Running an audit
A step-by-step guide to running a Support Audit: prepare your transcripts, choose a judge engine, run the audit, and read the scored report and recommended fixes.
View as MarkdownThis guide walks through running a Support Audit end to end — from gathering transcripts to acting on the report. You can run it for free at app.bookbag.ai/audit with no account, or from the Support Audit section of your dashboard if you want to keep a history.

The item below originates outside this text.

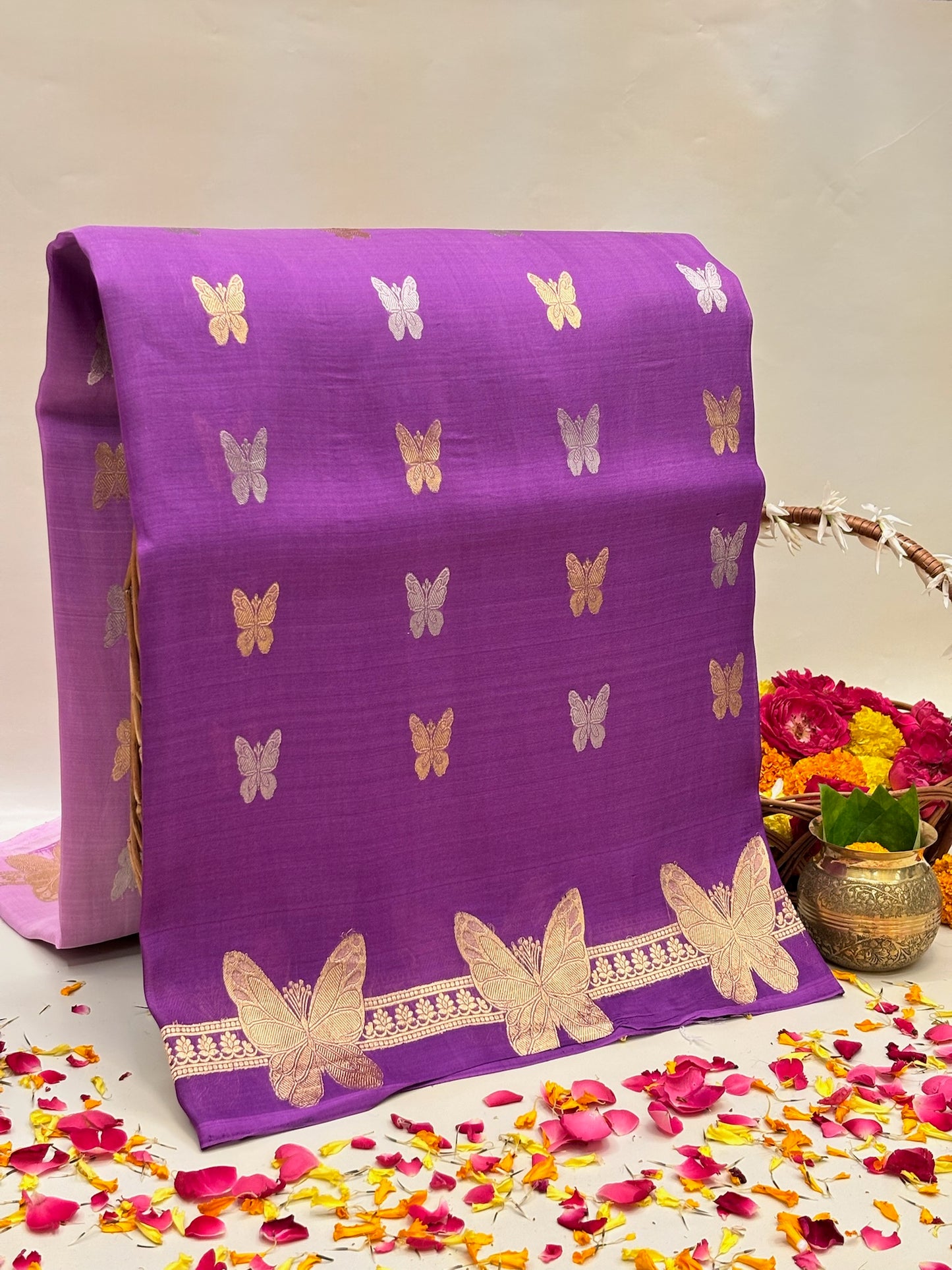 Lavender Premium Banarasi Kora Organza Silk Saree – 100% Handwoven | Elegant & Timeless Design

Step 1 — Prepare your transcripts
The audit reads support conversations as agent / customer turns. The parser is tolerant — it accepts CSV, JSON, or pasted plain-text transcripts — so you can usually export from your current tool and paste with minimal cleanup.
Paste a transcript with each turn labeled by role. Separate conversations with a blank line.
Customer: Where is my order #4471? Agent: Your order shipped yesterday and arrives Thursday. Customer: Can I get a refund if it's late? Agent: Absolutely, I'll refund you in full no matter what.
Include a mix of routine and tricky conversations — refunds, shipping delays, edge cases. The audit is most useful when the transcripts reflect the questions that actually challenge your support.
Step 2 — Choose a judge engine
Pick how the transcripts are scored:
- Heuristic (default) — a deterministic, rule-based scorer. Fast, reproducible, no model required.
- LLM judge — a language model evaluates each transcript as a strict QA auditor. Pick the model in the engine dropdown for a more nuanced read.
Step 3 — Run the audit
- 1Paste your transcriptsDrop in your CSV, JSON, or plain-text conversations.
- 2Add your detailsOn the public funnel, enter your email and company so we can send you the report link.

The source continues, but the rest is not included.